3D Object Pose Estimation with DOPE

Deep Object Pose Estimation (DOPE) performs detection and 3D pose estimation of known objects from a single RGB image. It uses a deep learning approach to predict image keypoints for corners and centroid of an object’s 3D bounding box, and PnP postprocessing to estimate the 3D pose. This algorithm is different from the existing Pose CNN model; thus, it provides more diversity to the 3D pose estimation toolset in the Isaac SDK.



Isaac SDK package supports DOPE inference with TensorRT and C++ postprocessing with the DopeDecoder codelet. Each DOPE network model supports detection of multiple instances of a single object class.


The following command runs the dope inference app with a default sample model (with VGG19 pretrained on OpenImages v4) and image to detect YCB object cracker (003_cracker):

bob@desktop:~/isaac/sdk$ bazel run packages/object_pose_estimation/apps/dope:dope_inference

Open Sight at localhost:3000 to view the results.
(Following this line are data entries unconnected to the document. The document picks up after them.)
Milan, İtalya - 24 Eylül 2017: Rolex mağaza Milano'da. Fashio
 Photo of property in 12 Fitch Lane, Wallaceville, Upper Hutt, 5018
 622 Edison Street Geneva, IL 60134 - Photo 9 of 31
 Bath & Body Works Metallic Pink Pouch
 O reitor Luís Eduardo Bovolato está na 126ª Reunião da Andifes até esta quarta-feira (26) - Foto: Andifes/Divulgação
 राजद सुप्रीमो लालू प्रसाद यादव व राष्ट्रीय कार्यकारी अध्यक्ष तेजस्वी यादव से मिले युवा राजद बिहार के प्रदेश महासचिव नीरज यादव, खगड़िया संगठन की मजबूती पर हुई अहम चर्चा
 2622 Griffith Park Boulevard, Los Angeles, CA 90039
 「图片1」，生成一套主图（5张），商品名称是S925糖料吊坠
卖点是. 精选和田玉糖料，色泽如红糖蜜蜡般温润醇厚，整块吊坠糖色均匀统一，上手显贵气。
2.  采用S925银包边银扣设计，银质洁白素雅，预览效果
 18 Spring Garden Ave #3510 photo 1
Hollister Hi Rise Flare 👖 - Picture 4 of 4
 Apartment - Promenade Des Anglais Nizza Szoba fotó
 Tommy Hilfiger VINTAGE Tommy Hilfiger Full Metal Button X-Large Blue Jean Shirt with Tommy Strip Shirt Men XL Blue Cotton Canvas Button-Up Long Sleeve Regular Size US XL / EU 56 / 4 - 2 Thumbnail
Run the inference live with a Realsense camera with command:

bob@desktop:~/isaac/sdk$ bazel run packages/object_pose_estimation/apps/dope:dope_inference -- --mode realsense

Inference for other YCB objects

The Deep_Object_Pose github provides pre-trained torch models for additional YCB object (please note that these models use VGG19 from pytorch model zoo pretrained on ImageNet). To run the inference app with a different model, download the weights for tomato soup (YCB 005_tomator_soup_can) from Deep_Object_Pose github to /tmp/soup_60.pth. Convert the torch model to ONNX model with:

bob@desktop:~/isaac/sdk$ bazel run packages/object_pose_estimation/apps/dope:dope_model -- --input /tmp/soup_60.pth

This generates the ONNX model at /tmp/soup_60.onnx. Use the inference app with this model:

bob@desktop:~/isaac/sdk$ bazel run packages/object_pose_estimation/apps/dope:dope_inference -- --mode realsense --model /tmp/soup_60.onnx --box 0.06766 0.102 0.0677 --label soup

Note the 3D bounding box size of the new object must be provided with --box as input for the DopeDecoder Codelet to perform PnP. Bounding box sizes for the YCB models can be found in Deep_Object_Pose config or YCB paper.


DOPE training is currently not part of the Isaac SDK. Refer to the torch training script in Deep_Object_Pose github scripts/train.py.

For any pre-trained model hosted on Deep_Object_Pose github, or models trained with the training script in Deep_Object_Pose github, use:

bob@desktop:~/isaac/sdk$ bazel run packages/object_pose_estimation/apps/dope:dope_model -- --input <path to torch model>

to convert the torch model to ONNX model to use with Isaac SDK’s DOPE inference pipeline.

To train with custom objects, refer to Omniverse Isaac Sim’s synthetic data generation tools. The offline training data format is specified in the FAT dataset.